The Security Assertion Markup Language (SAML) is an open standard that allows security credentials to be shared by multiple computers across a network. It describes a framework that allows one computer to perform some security functions on behalf of one or more other computers.

Strictly speaking, SAML refers to the XML variant language used to encode all this information, but the term can also cover various protocol messages and profiles that make up part of the standard. Because SAML is an open standard, it can coordinate security measure for different applications and systems from different vendors. As a result, many security vendors use SAML as the basis for their commercial offerings to ensure interoperability.

SAML 2.0 was introduced in 2005 and remains the current version of the standard. The previous version, 1.1, is now largely deprecated. (SAMLDiffs has a great summary of the difference between the versions.)

What is single sign-on?

While SAML was designed with a wide range of use cases in mind, by far the most common one in practice is single sign on (SSO).
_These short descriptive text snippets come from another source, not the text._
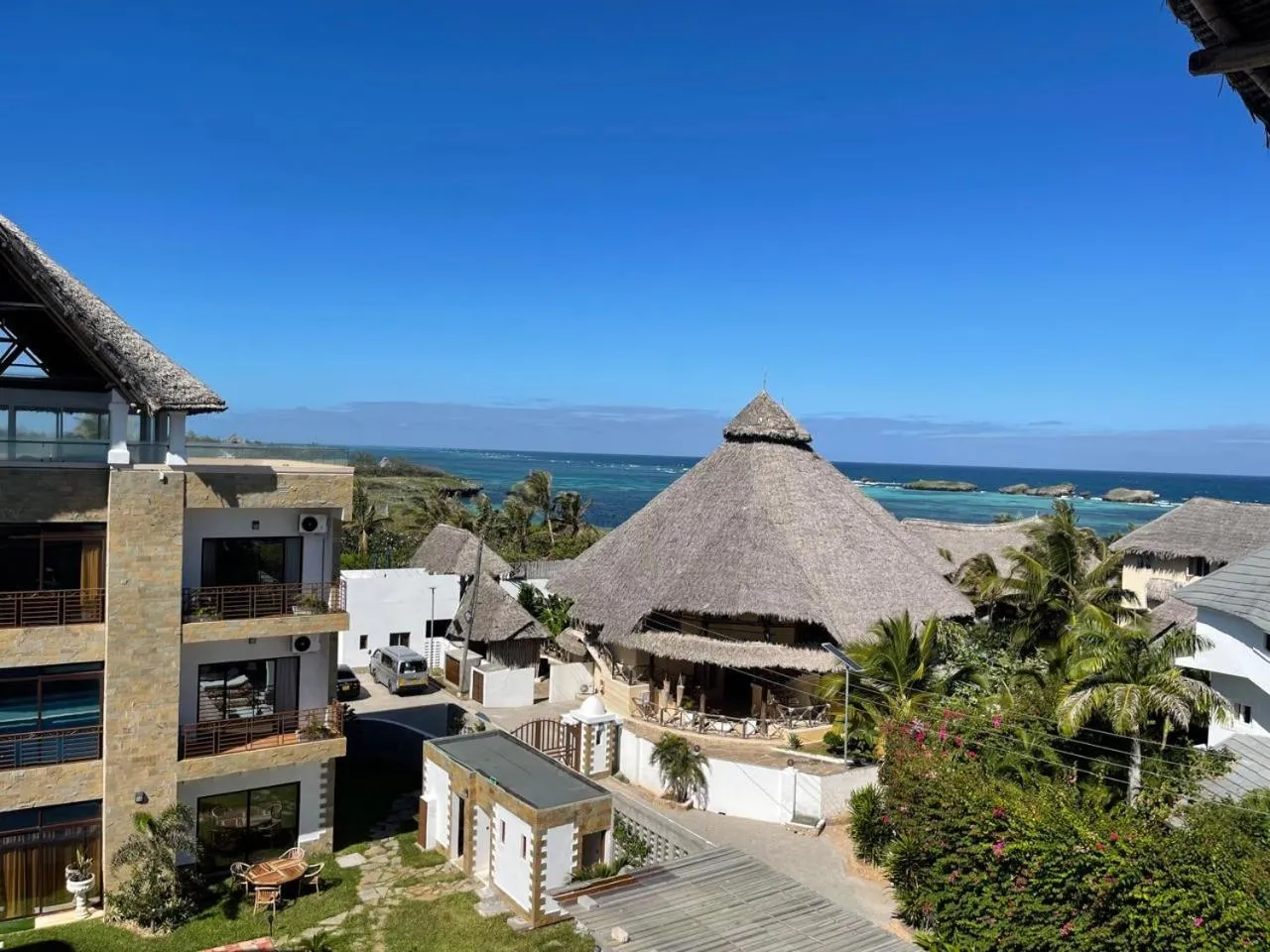 Property building in Mawe Zuri Resort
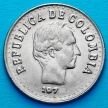 Монета Колумбия 20 сентаво 1975 год.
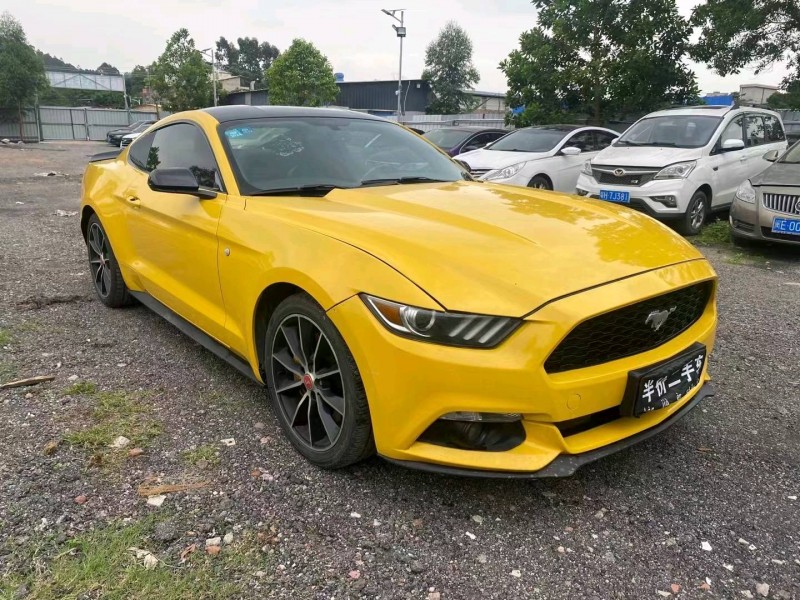 广州16年福特野马3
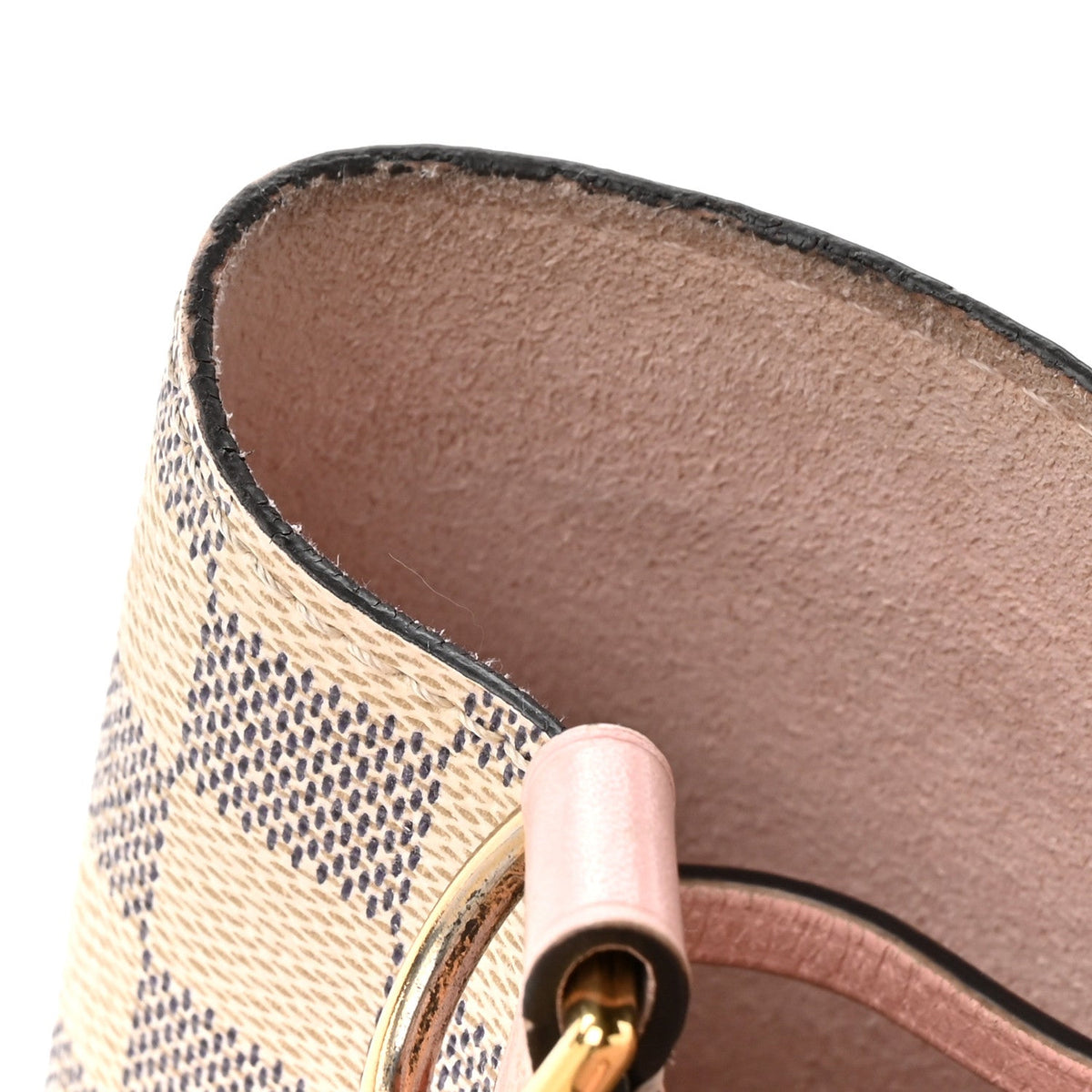 Damier Azur Neonoe MM Eau De Rose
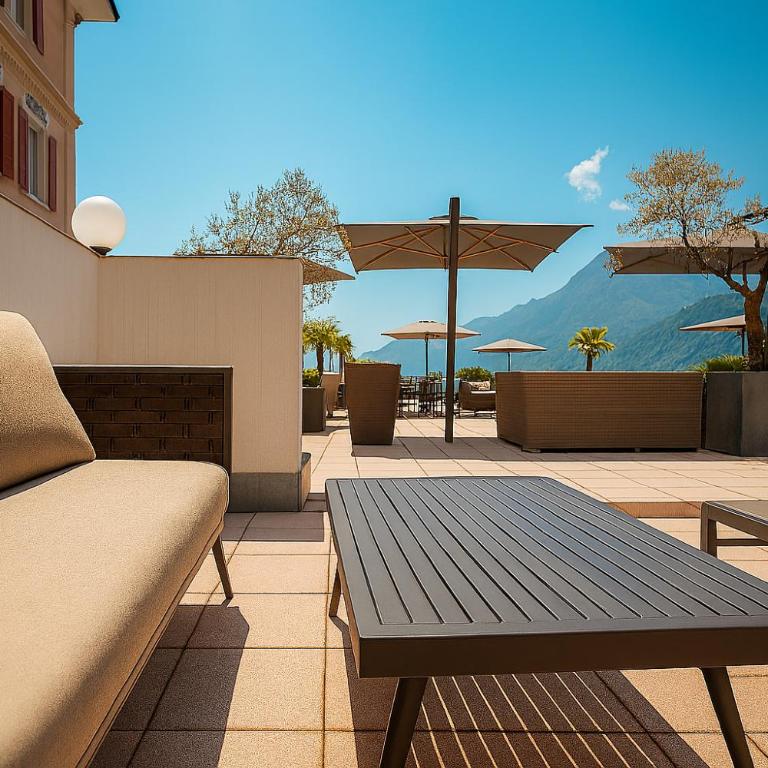 Hotel la Meridiana, Lake & SPA - Junior Suite Panorama con Terrazza - 1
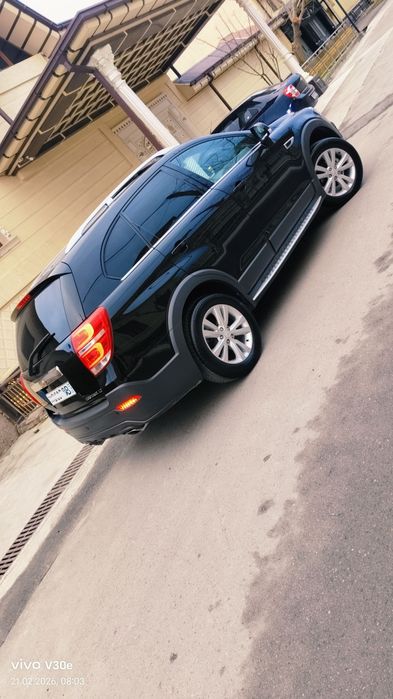 Kaptiva 4 2.4lik 2017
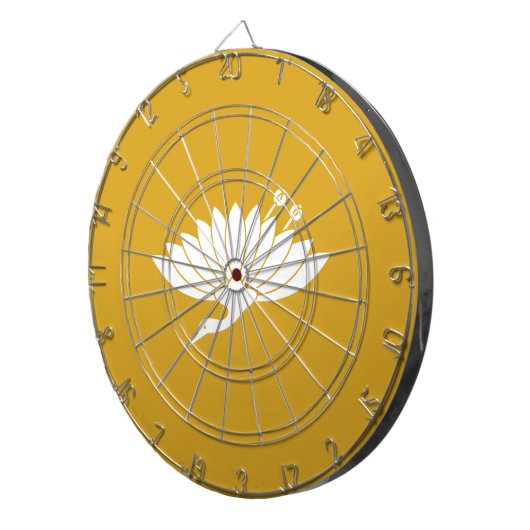 菊鶴 DARTSCHEIBE (Vorderseite rechts)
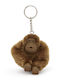 Kipling Schlüsselanhänger Monkeyclip M Glatt Khaki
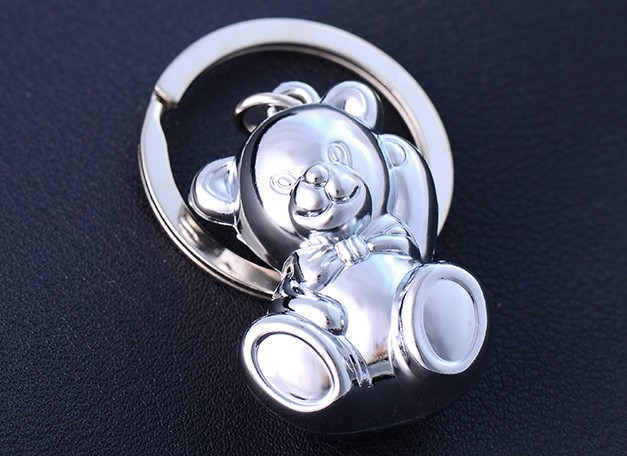 Classic Bear keychain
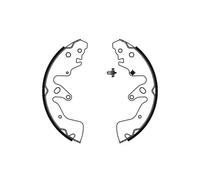 Brake shoes 0 986 487 756 BOSCH for SUZUKI GRAND VITARA II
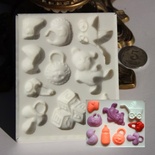 Набір силіконових форм (молдів) -  Малюк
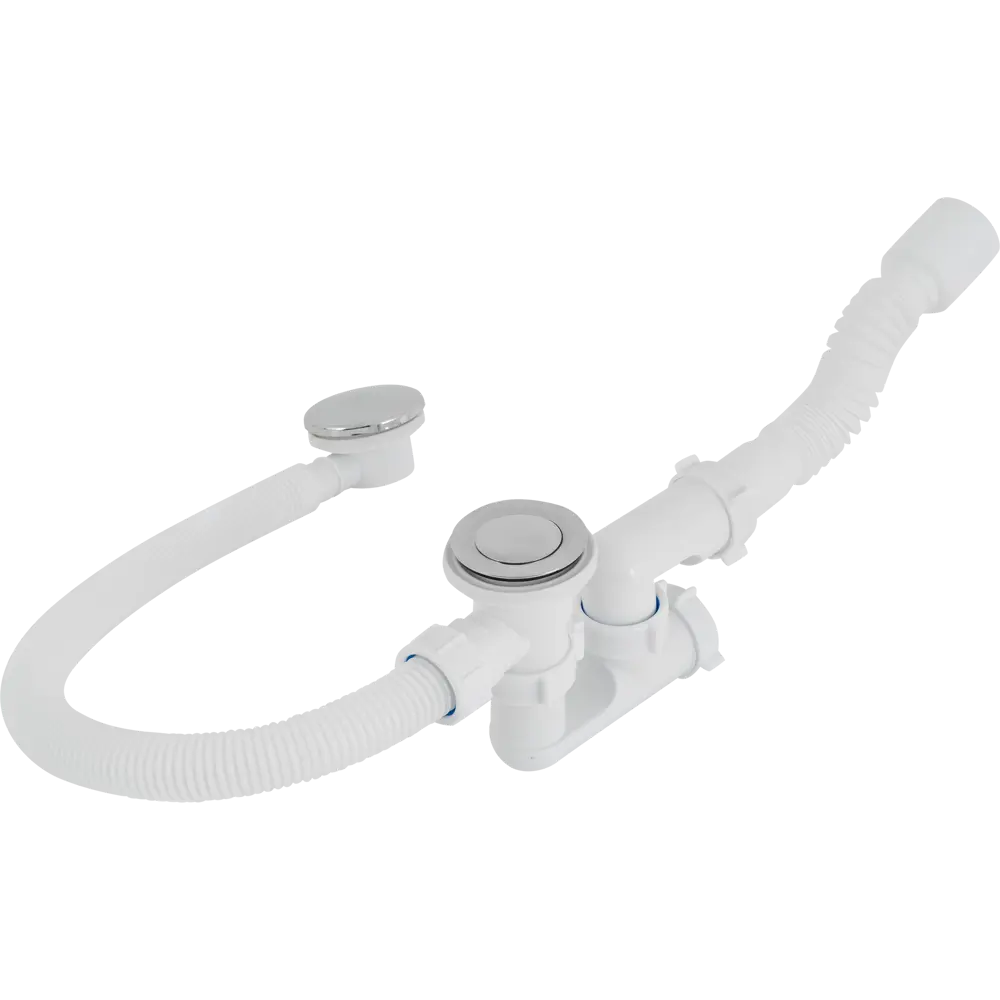 Сифон для ванны АНИ Пласт с системой клик-клак ø40 мм 84660204 STLM-0053553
SSO, as the name implies, allows a user to log in once and access multiple services—websites, cloud or SaaS apps, file shares, and so on. In an SSO scenario, all these services outsource their authentication and authorization functionality to a single system that then sends identity information about the user to those services.

Documents written in SAML are one way that single sign-on information can be transmitted. SAML’s open nature and interoperability make it a particularly attractive candidate for this role, since customers often want a single sign-on solution that can connect applications from multiple vendors.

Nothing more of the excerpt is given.